Mentiras jocosas, verdades amargas

Siempre habrá mentiras y engaños porque están adheridos a la naturaleza humana, única especie animal que, sin embargo, cuenta con la aptitud de distinguir el bien del mal. No resulta extraño, entonces, que un niño pretenda engañar a otro por un simple caramelo o que un vendedor ambulante engatuse a su ocasional cliente deslizándole una fruta podrida. La verdad y la mentira, la honestidad y el engaño, viven un conflicto permanente al interior de la humanidad, del que se han encargado figuras relevantes de la filosofía, de las iglesias y de la política, aunque dentro de esta última disciplina haya más protagonistas que críticos.

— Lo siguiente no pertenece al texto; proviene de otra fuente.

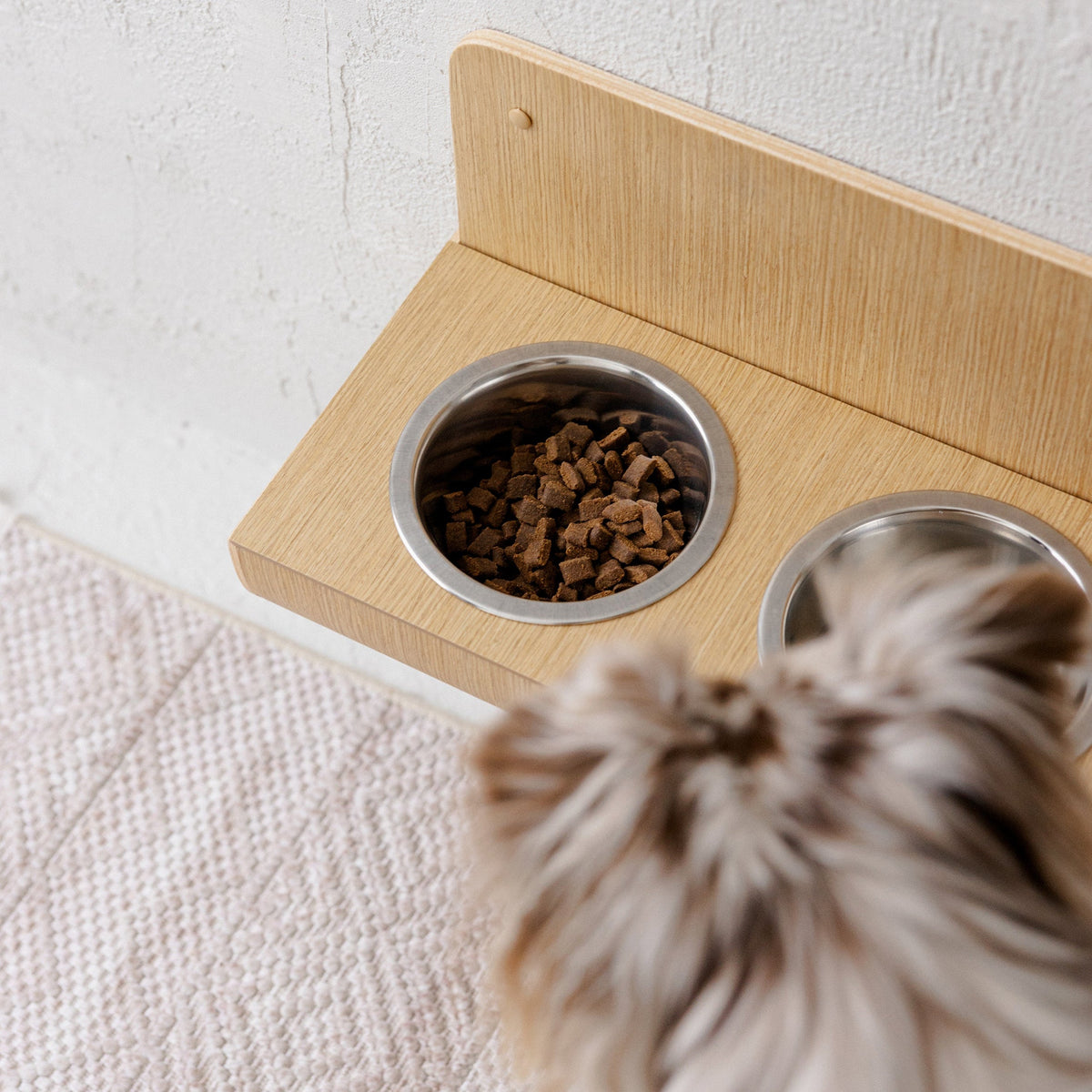 Hanging wooden dog feeder with wall protection, Floating raised dog bowls Valiai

Los últimos años de nuestra república hemos vivido sin interrupción una democracia ficticia. Las falsas promesas, la insolencia populista, la procacidad revolucionaria y la manoseada soberanía encubriendo ansias egoístas de poder, fueron los hilos conductores a un envilecimiento del pueblo y al desvergonzado aprovechamiento de nuestros recursos. Imperó la mentira disolvente sobre la verdad, sin mostrar pausa alguna durante la década correísta: mintieron sin desmayo y aquellas ineptitudes que pasaban como alegres errores administrativos de sus ignorantes improvisaciones y que provocaban hilaridad se convirtieron en terribles e insultantes verdades que se identificaron como denominador común de las revoluciones socialistas del siglo XXI. Debo confesar que a ratos me invadió un real hartazgo de la condición humana exhibida por quienes resultaban ser obligados depositarios de nuestra leve esperanza por un Ecuador mejor.

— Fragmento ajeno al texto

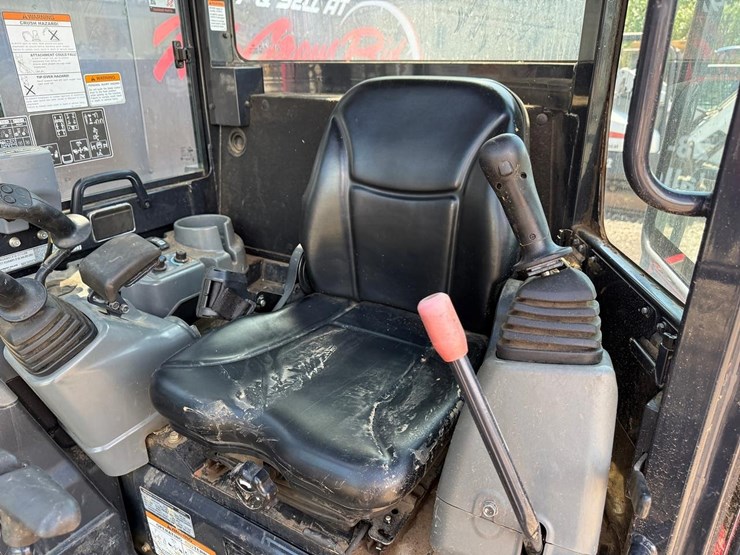 2021-yanmar-sv40-image-19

“La palabra le ha sido dada al hombre para ocultar sus pensamientos”, fue una expresión de un político europeo que calza con penosa exactitud en nuestro medio y descubre la ética personal de muchos políticos y, en especial, de quienes, en razón de sus cargos, deben dar ejemplo de sujeción a la ley. Fue repudiable que se pretendiera engatusar a una Asamblea Nacional ante su legítimo interés de descubrir la verdad sobre un tema que atañe a la moral pública y política. El depuesto fiscal general demostró poseer singular elocuencia para encubrir lo que pudo ser inicialmente un error apremiado por la exasperación, para luego dar paso a censurables sofismas con los que quiso embaucar a toda una Asamblea Nacional. La reacción parlamentaria fue más elocuente: nadie se apiadó de él y hasta esos tres asambleístas que se abstuvieron de votar lo condenaron con su omisión. Esta vez, como una esperanzadora muestra de integridad institucional, la mentira urdida artificiosamente por el fiscal fue derrotada por una verdad que genera esperanzas de integridad moral.

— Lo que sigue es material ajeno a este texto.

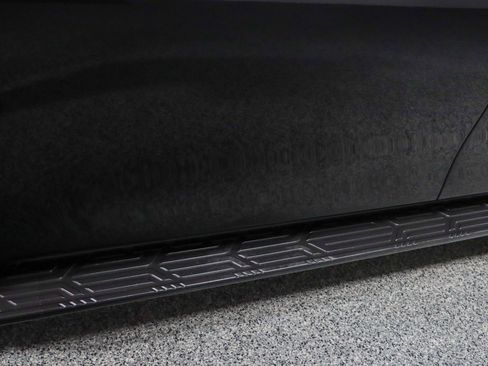 Used 2024 Nissan Armada SL image 12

Paralelamente , las designaciones ministeriales de Toscanini y Jarrín provocan nuestra conformidad. Nos extraña, sin embargo, que se recurra a un pueril e insólito condicionamiento el futuro burocrático de una canciller que nos defrauda con sus pertinaces mentiras en defensa de comunistas genocidas y pillastres revolucionarios que han ensombrecido la historia de América Latina. Moreno asume un riesgo cierto al prometernos que su gobierno dirá siempre la verdad, y confiar, contrariamente, en quien utiliza con renovada insistencia estereotipadas mentiras en respaldo de su anacrónica acción revolucionaria. Seguir mintiéndose o no, es un impensado dilema legado por el correísmo y alimentado por fracasados residuos ideológicos.